3. Strange Places, New People.

4. Back To The Familiar.

5. New House.

6. Taken Advantage Of.

7. Isolation and Shame.

8.Anxiety.

9. Loneliness, Short Existential Crisis.

10. Love.

11. Depression, Suicidal thoughts, Split Personality.

12. Realisation Of True Self, Self-forgiveness And The Beginning Of Dreams. *(I'm trying to get here).*

13. Revival Of The Thirst For Knowledge.

14. The Distance Is Ending.

15. New Location, New Life, The One I Love.

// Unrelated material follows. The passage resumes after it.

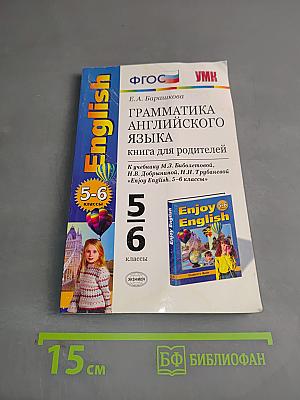 Грамматика английского языка. Книга для родителей. 5-6 классы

It isn't going too well right now, I feel fragmented.


----------



## jdmn (Feb 5, 2010)

jdmn said:


> Good idea jasonm
> 
> 1. Birth
> 2. The Good Childhood
> ...


22. A Practical Affair


----------



## Terrestrial Wisdom (Dec 8, 2010)

Chapter 1 - Wide Eyed Lost in Amazement
Chapter 2 - Gravity Sucks
Chapter 3 - Every Which Way
Chapter 4 - School Daze: Hello, My Name is Loser
Chapter 5 - The Girl With Many Faces
Chapter 6 - Hunger
Chapter 7 - Step By Step, Stone By Stone 
Chapter 8 - Crossroads 
Chapter 9 - “Aha!” 
Chapter 10 - Awakening
Chapter 11 - Yearning
Chapter 12 - Even The Great Fall Down
Chapter 13 - No Such Thing
Chapter 14 - Chasing Trains
Chapter 15 - A Girl Named Whimsy
Chapter 16 - The Dog Days Are Over? 
Chapter 17 - Open Arms
Chapter 18 - Just Breathe, Just Be 


That was fun :crazy:


----------



## etherealuntouaswithin (Dec 7, 2010)

1)genisis
2)A child unworthy
3)A rage depicted grotesquely
4)transgression and fury of sin
5)an equinox beheld
6)to glimpse salvation
7)the sins of the father,the grace of the child(reflections)
8)snow falls again( love flourishes in the soul)
9)pt.1 A sight restored, a romance fostered(how serene the night is) pt.2 foresight and apparition(purpose) 
10)genesis pt.2 (to seek of eternity~love~) tbc:happy:


----------



## buddikins (Aug 20, 2010)

In Need Of Superpowers: 

Act One: Primary School – The Know-It-All
1.	The Part Unremembered
2.	Beaches and Ants
3.	Death
Act Two: Middle School – The Quiet One
4.	White Noise
5.	The Bridge and New Schools
6.	Changes
Act Three: High School – The Pretender
7.	Down the Hole
8.	Straight A’s and Failing at Life
9.	Scars and Mia
10.	Friends Who Think They Care
11.	Dad’s Problems 
12.	Sex = Love (For the Self-Hating)
13.	Good Grades Buy Happiness (For the Insecure)
Act Four: University - The Planner, Plan-less 
14.	Running up Hills
15.	Getting Out
16.	The “No” Word

“The rest is still unwritten”. 

That was kinda fun, and kinda sad. :mellow: It definitely needs a few more sword fights to be truly interesting.


----------



## camus11 (Feb 21, 2010)

My chapter titles would reference philosophic ideas and concepts. Can't think of anything right now.


----------



## tierranranfar (Feb 10, 2011)

1) early childhood
2) vague unease
3) contentment
4) unease
5) depression
6) contentment
7)vague unease, maybe I'm not imagining it after all


----------



## Runvardh (May 17, 2011)

Innocence
Disillusionment
Responsibility
Despair
Vengeance
The Fall
The Void
Awakening

I intend there to be much to come.


----------



## Zomboy (Jun 12, 2010)

Chapter 1: Ignorance is Bludgeoning (Family issues, Childhood)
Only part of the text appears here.